> **Material for the task**
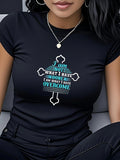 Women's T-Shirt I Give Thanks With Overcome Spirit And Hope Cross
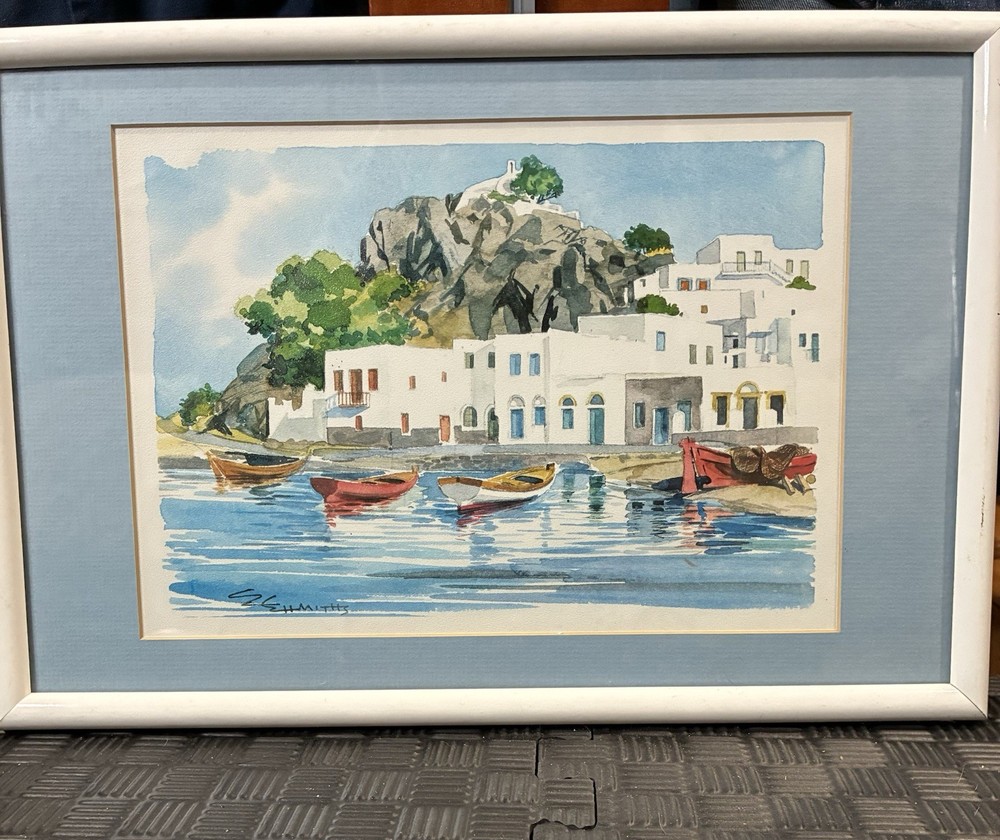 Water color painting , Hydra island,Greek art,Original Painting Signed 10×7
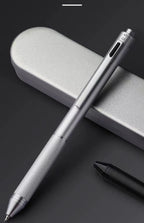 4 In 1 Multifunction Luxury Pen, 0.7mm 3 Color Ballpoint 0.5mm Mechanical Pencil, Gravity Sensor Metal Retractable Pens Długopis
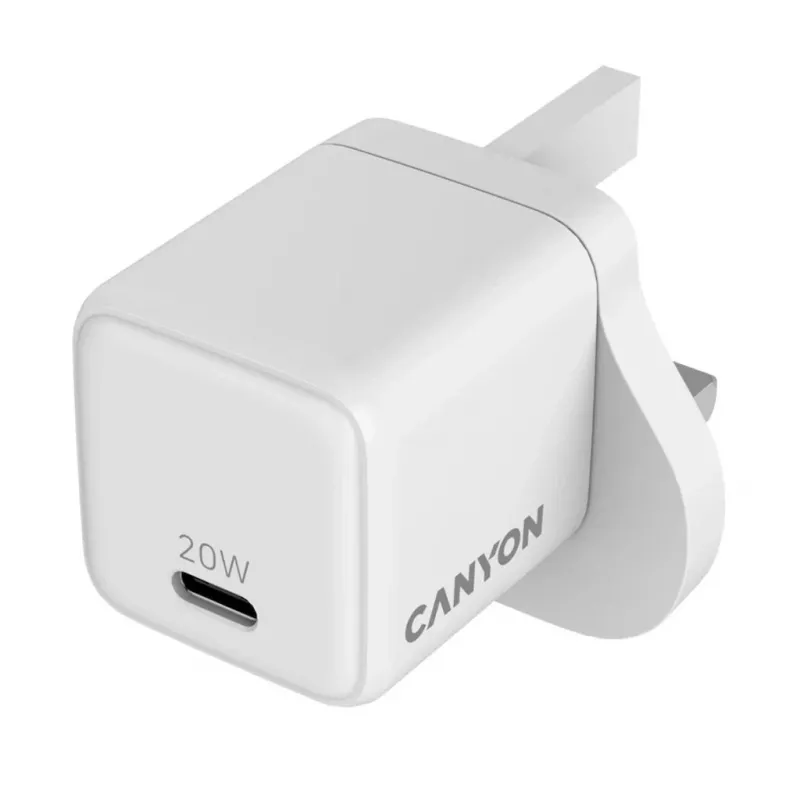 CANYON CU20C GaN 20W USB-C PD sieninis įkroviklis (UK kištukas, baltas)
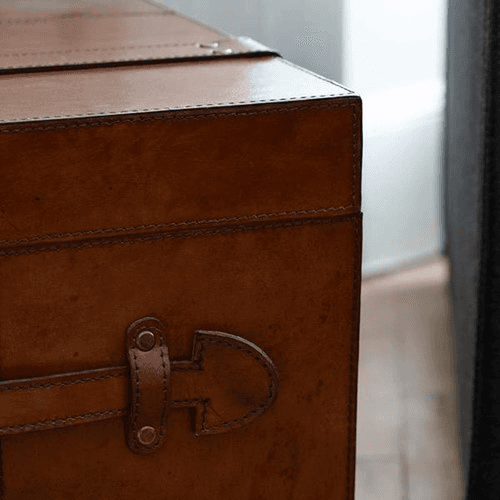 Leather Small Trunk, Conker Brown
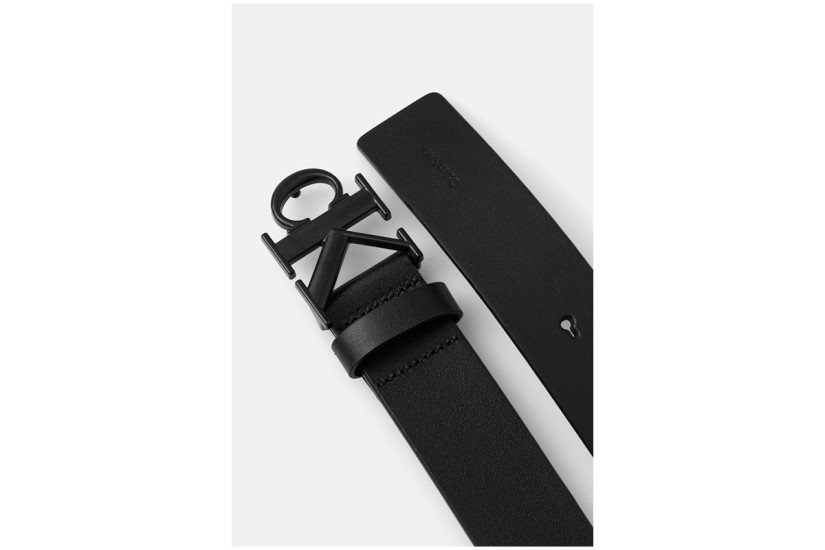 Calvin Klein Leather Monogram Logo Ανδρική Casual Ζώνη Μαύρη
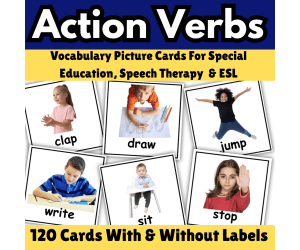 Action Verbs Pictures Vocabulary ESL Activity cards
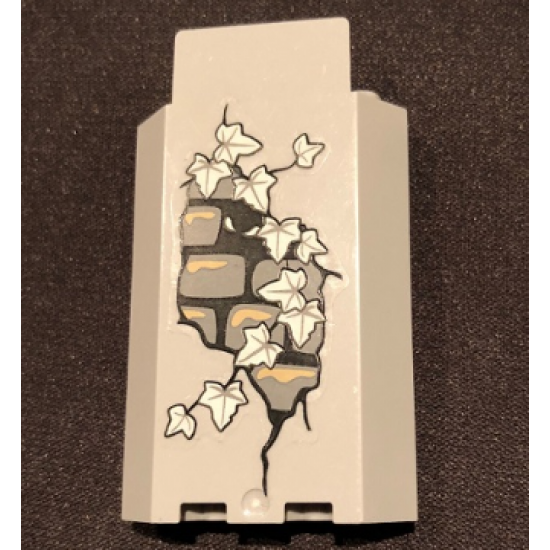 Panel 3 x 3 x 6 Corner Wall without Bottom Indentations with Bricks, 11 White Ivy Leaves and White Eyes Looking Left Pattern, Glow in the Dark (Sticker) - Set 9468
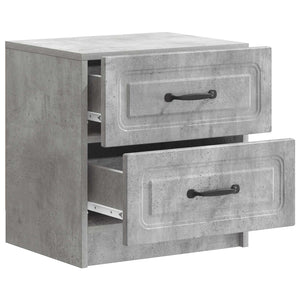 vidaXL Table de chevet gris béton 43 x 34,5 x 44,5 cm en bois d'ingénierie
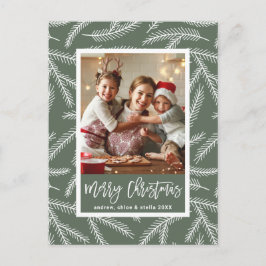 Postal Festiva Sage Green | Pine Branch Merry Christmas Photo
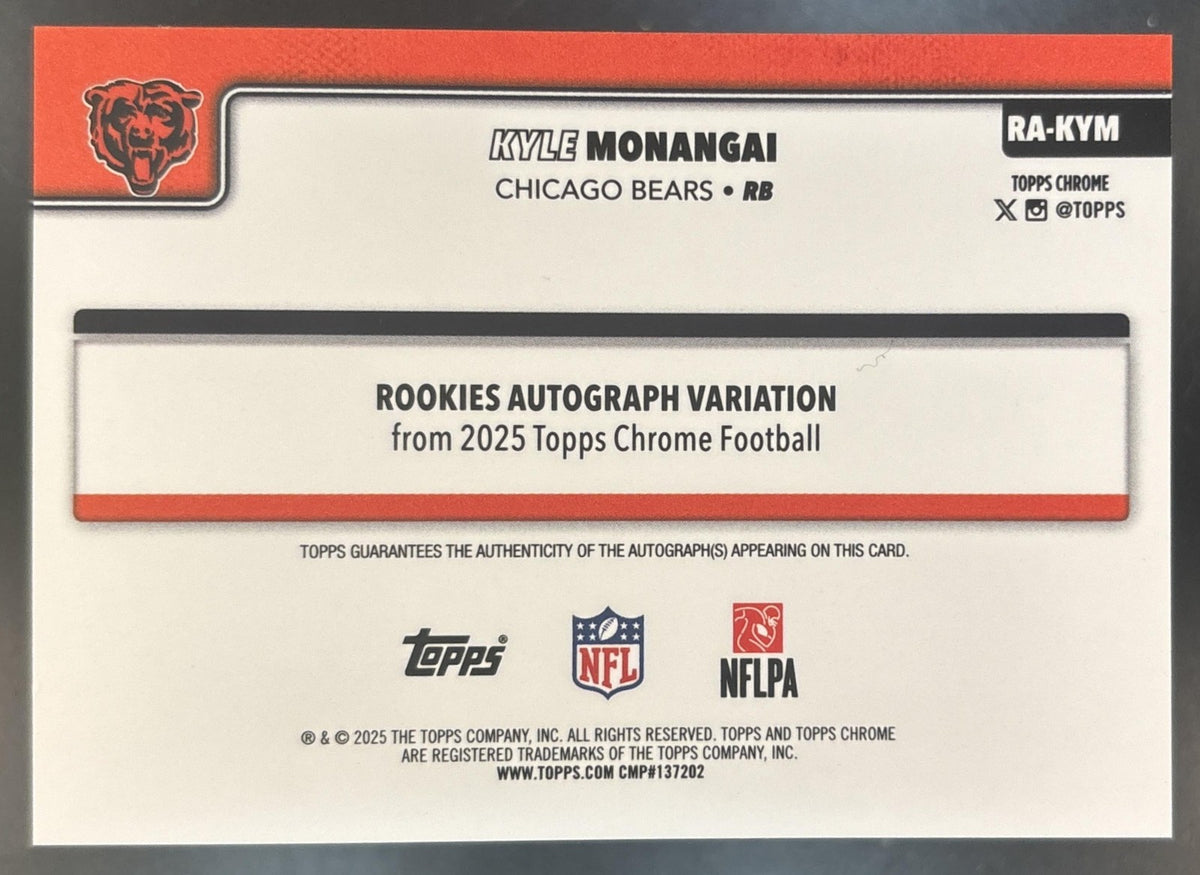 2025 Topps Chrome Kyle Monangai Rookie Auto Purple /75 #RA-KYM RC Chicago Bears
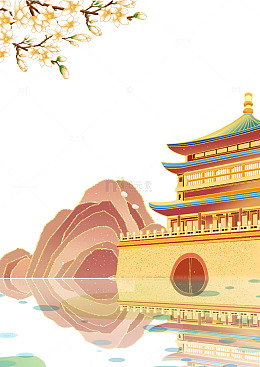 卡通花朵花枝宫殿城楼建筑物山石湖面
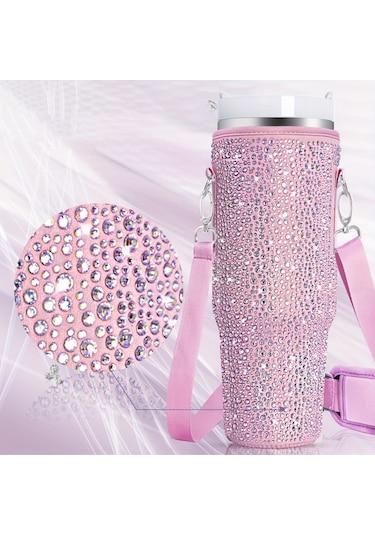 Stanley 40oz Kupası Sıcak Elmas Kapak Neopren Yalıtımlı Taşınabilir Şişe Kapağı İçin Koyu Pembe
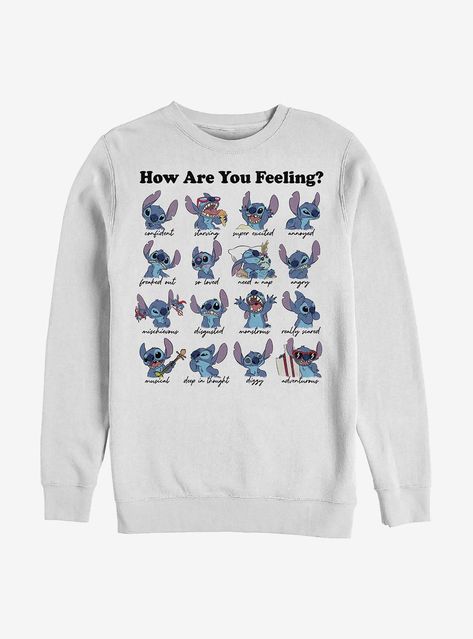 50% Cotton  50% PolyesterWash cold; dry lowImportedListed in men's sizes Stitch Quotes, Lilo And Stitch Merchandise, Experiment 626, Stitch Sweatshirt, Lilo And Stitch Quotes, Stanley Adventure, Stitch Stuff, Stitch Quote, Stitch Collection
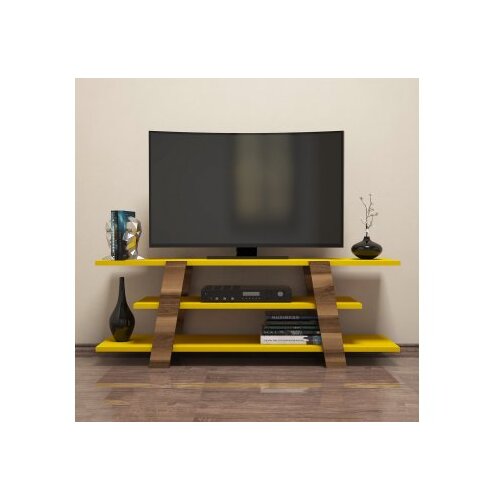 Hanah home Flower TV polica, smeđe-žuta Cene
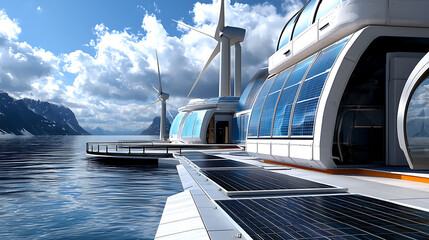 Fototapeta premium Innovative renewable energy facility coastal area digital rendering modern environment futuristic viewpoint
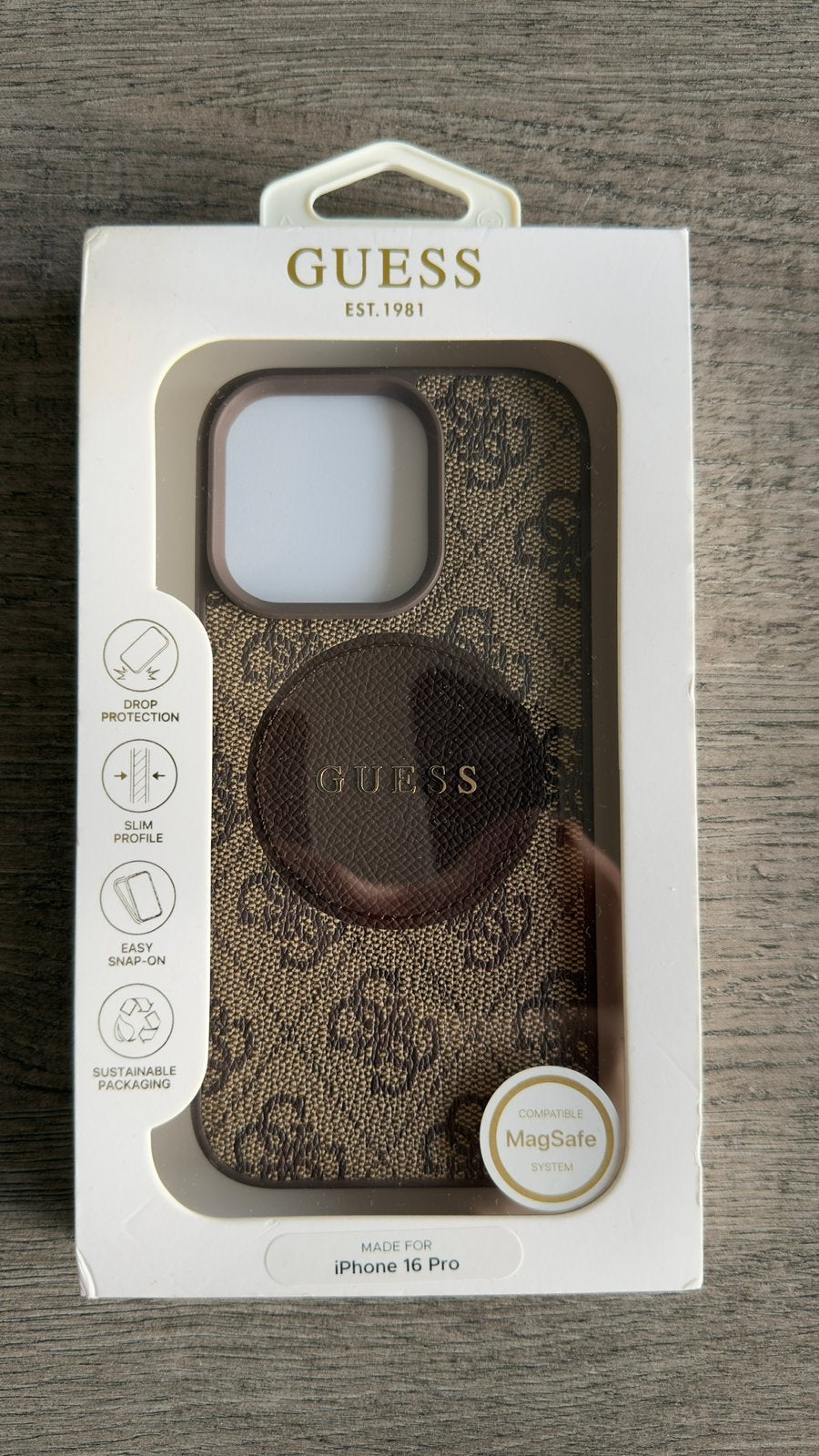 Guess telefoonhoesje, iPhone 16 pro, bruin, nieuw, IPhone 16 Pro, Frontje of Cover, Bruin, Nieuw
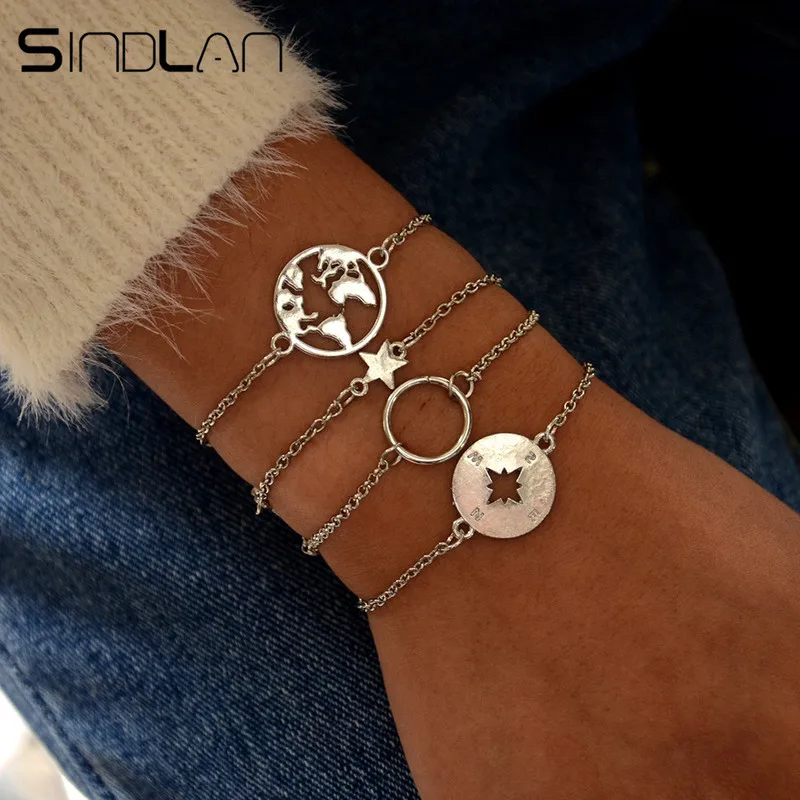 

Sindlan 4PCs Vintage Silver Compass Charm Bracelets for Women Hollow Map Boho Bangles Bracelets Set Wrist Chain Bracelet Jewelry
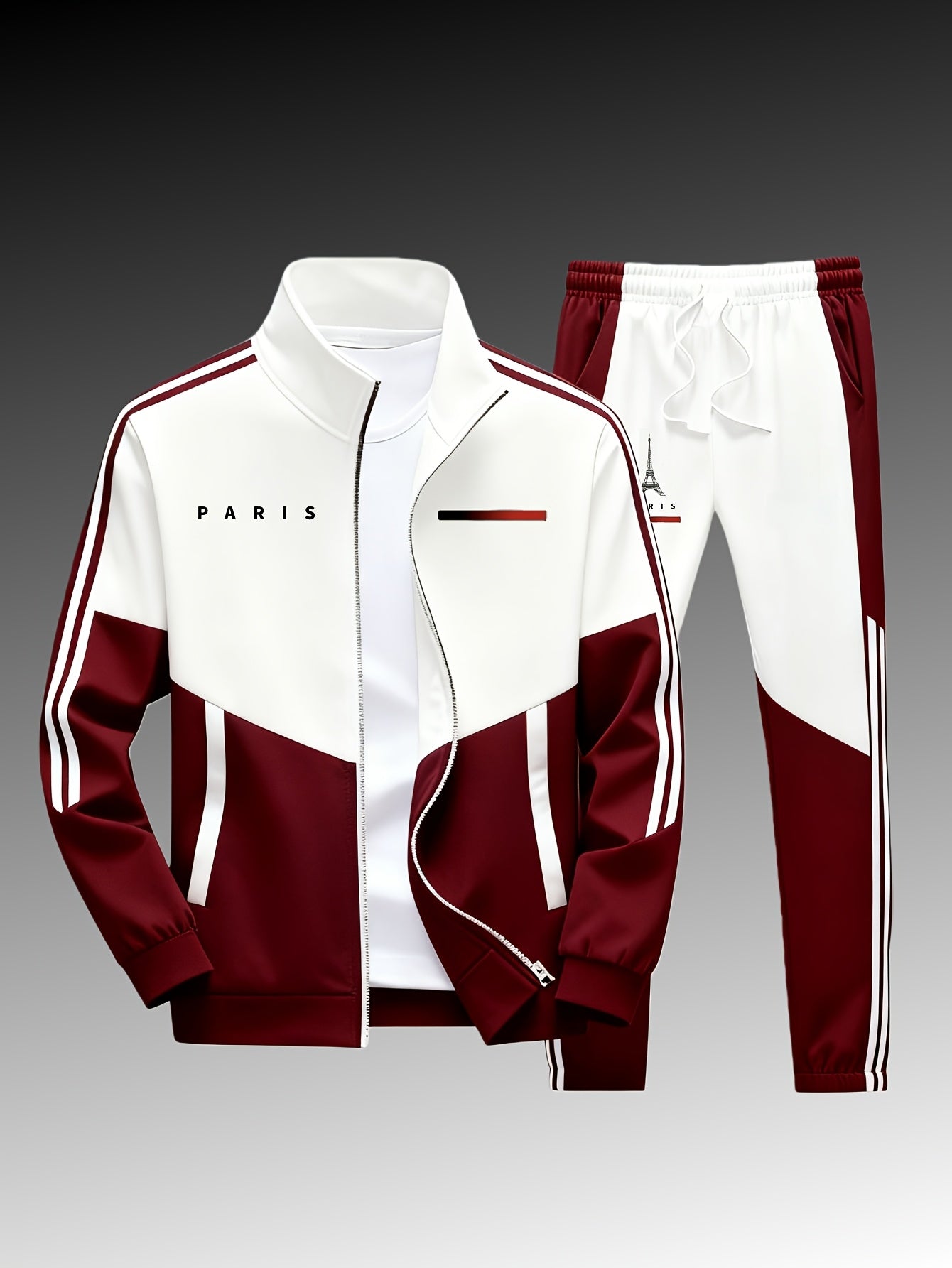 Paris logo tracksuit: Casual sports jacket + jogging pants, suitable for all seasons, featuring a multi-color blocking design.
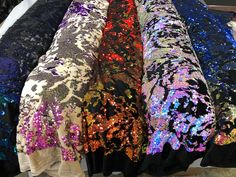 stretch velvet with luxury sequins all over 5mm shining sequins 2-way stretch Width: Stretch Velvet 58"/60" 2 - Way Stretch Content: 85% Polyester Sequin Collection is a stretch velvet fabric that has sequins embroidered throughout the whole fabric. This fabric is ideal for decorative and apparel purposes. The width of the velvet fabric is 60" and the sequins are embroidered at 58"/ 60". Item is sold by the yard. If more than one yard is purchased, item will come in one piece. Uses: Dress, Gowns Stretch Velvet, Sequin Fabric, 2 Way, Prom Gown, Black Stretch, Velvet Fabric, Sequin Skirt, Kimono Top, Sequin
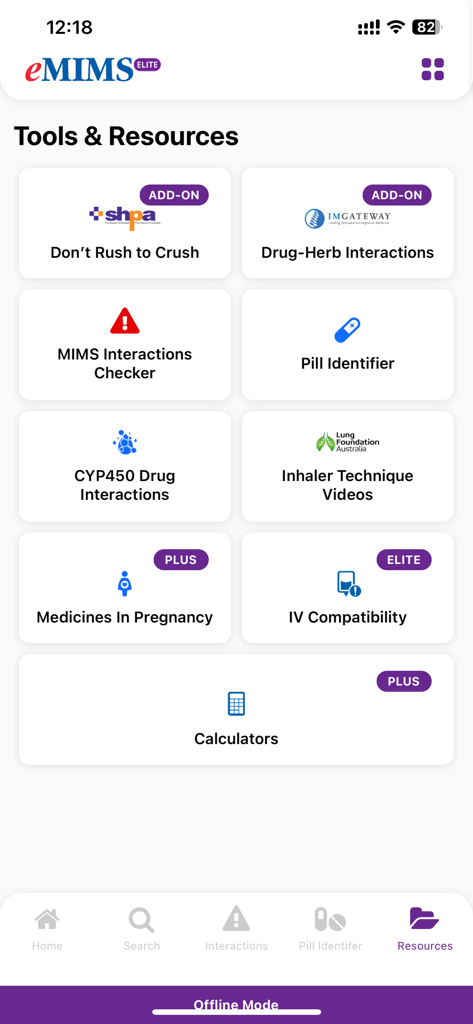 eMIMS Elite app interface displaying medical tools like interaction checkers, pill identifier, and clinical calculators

> **Try it**
Find the line with "Stanley 40oz Kupası" and the line with "Paris logo tracksuit: Casual" in the records above. Copy both and all lines between them exactly, without pictures.

> **Task result**
 Stanley 40oz Kupası Sıcak Elmas Kapak Neopren Yalıtımlı Taşınabilir Şişe Kapağı İçin Koyu Pembe
 50% Cotton  50% PolyesterWash cold; dry lowImportedListed in men's sizes Stitch Quotes, Lilo And Stitch Merchandise, Experiment 626, Stitch Sweatshirt, Lilo And Stitch Quotes, Stanley Adventure, Stitch Stuff, Stitch Quote, Stitch Collection
 Hanah home Flower TV polica, smeđe-žuta Cene
 Fototapeta premium Innovative renewable energy facility coastal area digital rendering modern environment futuristic viewpoint
 Guess telefoonhoesje, iPhone 16 pro, bruin, nieuw, IPhone 16 Pro, Frontje of Cover, Bruin, Nieuw

Sindlan 4PCs Vintage Silver Compass Charm Bracelets for Women Hollow Map Boho Bangles Bracelets Set Wrist Chain Bracelet Jewelry
 Paris logo tracksuit: Casual sports jacket + jogging pants, suitable for all seasons, featuring a multi-color blocking design.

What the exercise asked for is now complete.